▶ [What is expected]: Give back each line of the listing precisely as written.

▶ [Supplied data]:
━━━━━━━━━━━━━━━━

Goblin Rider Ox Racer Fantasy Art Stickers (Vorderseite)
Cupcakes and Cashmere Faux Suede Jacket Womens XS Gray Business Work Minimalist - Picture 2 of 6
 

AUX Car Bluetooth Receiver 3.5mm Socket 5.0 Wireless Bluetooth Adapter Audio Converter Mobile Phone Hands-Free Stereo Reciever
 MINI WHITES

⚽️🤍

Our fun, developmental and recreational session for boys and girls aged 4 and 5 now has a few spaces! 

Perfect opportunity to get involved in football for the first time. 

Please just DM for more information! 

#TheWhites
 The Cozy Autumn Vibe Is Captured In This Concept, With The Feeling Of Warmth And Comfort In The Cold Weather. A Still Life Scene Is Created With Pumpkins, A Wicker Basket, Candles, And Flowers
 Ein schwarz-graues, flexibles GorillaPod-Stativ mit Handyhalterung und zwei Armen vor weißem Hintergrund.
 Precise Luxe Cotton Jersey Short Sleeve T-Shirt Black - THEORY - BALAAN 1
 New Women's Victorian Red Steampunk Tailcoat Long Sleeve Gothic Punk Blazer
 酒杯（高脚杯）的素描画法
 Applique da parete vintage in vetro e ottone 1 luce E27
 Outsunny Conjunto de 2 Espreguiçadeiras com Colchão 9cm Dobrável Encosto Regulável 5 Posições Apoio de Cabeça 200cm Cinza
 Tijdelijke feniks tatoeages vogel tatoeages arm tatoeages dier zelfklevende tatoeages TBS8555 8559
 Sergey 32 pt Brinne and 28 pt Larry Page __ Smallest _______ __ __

━━━━━━━━━━━━━━━━

▶ [Answer to this exercise]:
Goblin Rider Ox Racer Fantasy Art Stickers (Vorderseite)
Cupcakes and Cashmere Faux Suede Jacket Womens XS Gray Business Work Minimalist - Picture 2 of 6
 

AUX Car Bluetooth Receiver 3.5mm Socket 5.0 Wireless Bluetooth Adapter Audio Converter Mobile Phone Hands-Free Stereo Reciever
 MINI WHITES

⚽️🤍

Our fun, developmental and recreational session for boys and girls aged 4 and 5 now has a few spaces! 

Perfect opportunity to get involved in football for the first time. 

Please just DM for more information! 

#TheWhites
 The Cozy Autumn Vibe Is Captured In This Concept, With The Feeling Of Warmth And Comfort In The Cold Weather. A Still Life Scene Is Created With Pumpkins, A Wicker Basket, Candles, And Flowers
 Ein schwarz-graues, flexibles GorillaPod-Stativ mit Handyhalterung und zwei Armen vor weißem Hintergrund.
 Precise Luxe Cotton Jersey Short Sleeve T-Shirt Black - THEORY - BALAAN 1
 New Women's Victorian Red Steampunk Tailcoat Long Sleeve Gothic Punk Blazer
 酒杯（高脚杯）的素描画法
 Applique da parete vintage in vetro e ottone 1 luce E27
 Outsunny Conjunto de 2 Espreguiçadeiras com Colchão 9cm Dobrável Encosto Regulável 5 Posições Apoio de Cabeça 200cm Cinza
 Tijdelijke feniks tatoeages vogel tatoeages arm tatoeages dier zelfklevende tatoeages TBS8555 8559
 Sergey 32 pt Brinne and 28 pt Larry Page __ Smallest _______ __ __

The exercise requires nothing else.